Make sure you know how to sketch the ray diagram for a lens or a mirror, showing the principal rays.

Problem Number 6

A string defines the x axis, with the origin at the left end of the string. The string has tension 19 Newtons and mass per unit length is 14 grams / meter. The left-hand end of the string is displaced perpendicular to the string in a cyclical manner in order to create a traveling wave in the string. At clock time t the position of the left-hand end of a long string is y = .54 cm * sin ( ( 9 `pi rad/s) t ).

• What equation describes the displacement a point 16.7 meters down the string as a function of clock time?

• If the position of the left-hand side is x = 0, what is the equation for the displacement as a function of clock time at arbitrary position x?

• University Physics: Show that your equation satisfies the wave equation.

• What is the equation for the shape of the string at clock time t = .042 sec?.
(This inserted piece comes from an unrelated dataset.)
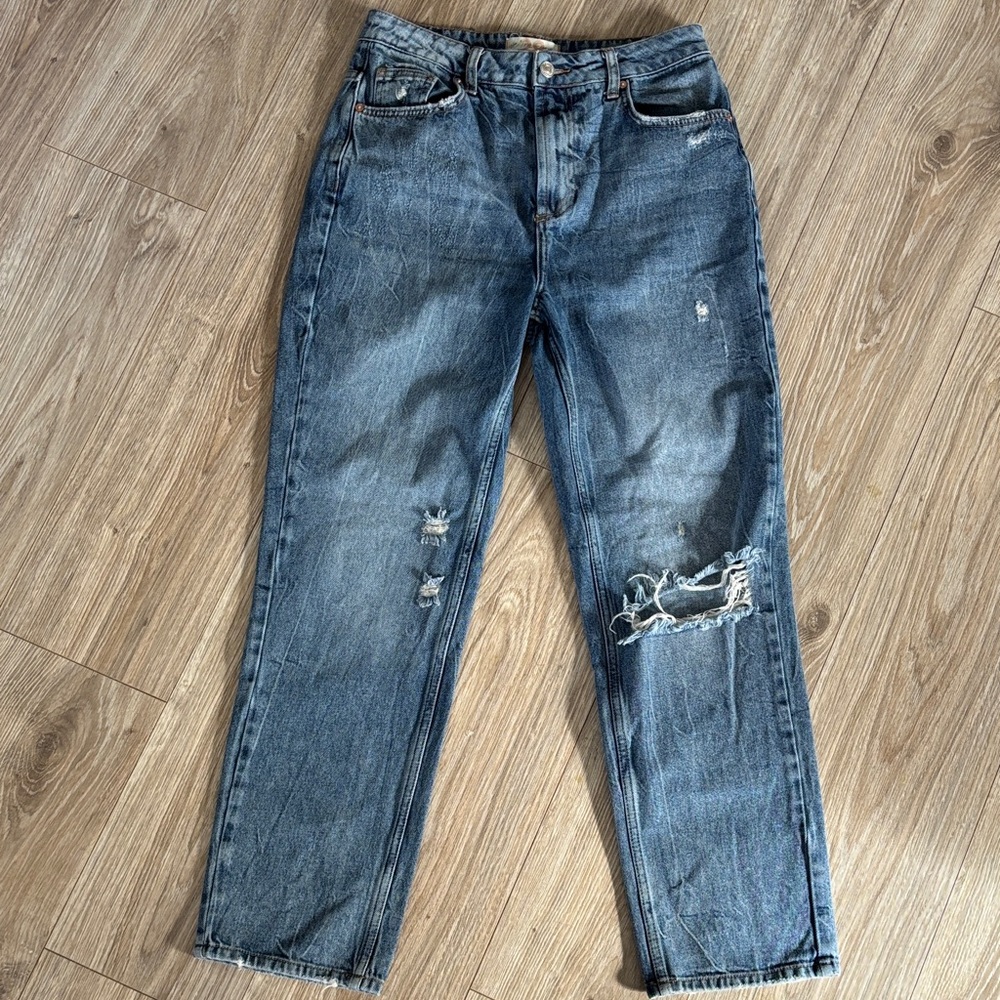 We The Free Women's Distressed Blue Straight Leg Jeans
This problem appears in very similar form, but with different numbers, in the Introductory Problem Set. Make sure you know how to solve everything in that problem set. If you have specific questions on any of the solutions, you're welcome to ask.

Problem Number 7

One sound is 3400000 times louder than a sound which measures 40 decibels. What is the decibel level of this sound?

10 log (P2/P1) = 40 dB, P2/P1=10,000

Sound is 3400000 times louder, so 10,000*3400000=3.4*10^10

10 log (P2/P1) = 10 log (3.4*10^10) = 105.3 dB

good

Problem Number 8

A string is under a tension of 18 Newtons and lies along the x axis. ""Beads"" with mass 7.3 grams are located at a spacing of 20 cm along a light but strong string. At a certain instant a certain bead is at y position .0012 meters, while the bead to its right is at y position .001 meters and the bead to its left at y position .0026 meters. At this instant the bead is moving in the y direction at -.1284 m/s. Find the acceleration of the given bead and approximate its velocity .027 seconds later and the distance it will move in this time.

I am having a really hard time with this problem. I do not know where to start.

this problem is not well-covered in the notes, and would be omitted if you didn't get it

.

Problem Number 9

Find the frequencies of the first four harmonics of a standing wave in a uniform string of length 9 meters which is fixed at both ends under a tension of 35 Newtons, and which has mass 31 grams.

v=sqrt(tension/mass/unitlength)

v=sqrt(35N/.031/9m)=100.8 m/s

freq=velocity/length

harmonic 1, length=.5L=18m, freq=100.8 m/s/18m=5.6 s^-1

harmonic 2, length=2L/2=9m, freq=100.8 m/s/9m=11.2 s^-1

harmonic 3, length=3L/2=6m, freq=100.8 m/s/6m=16.8 s^-1

harmonic 4, length=4L/2=4.5m, freq=100.8 m/s/4.5m=22.4 s^-1

See my notes and let me know if you have additional questions.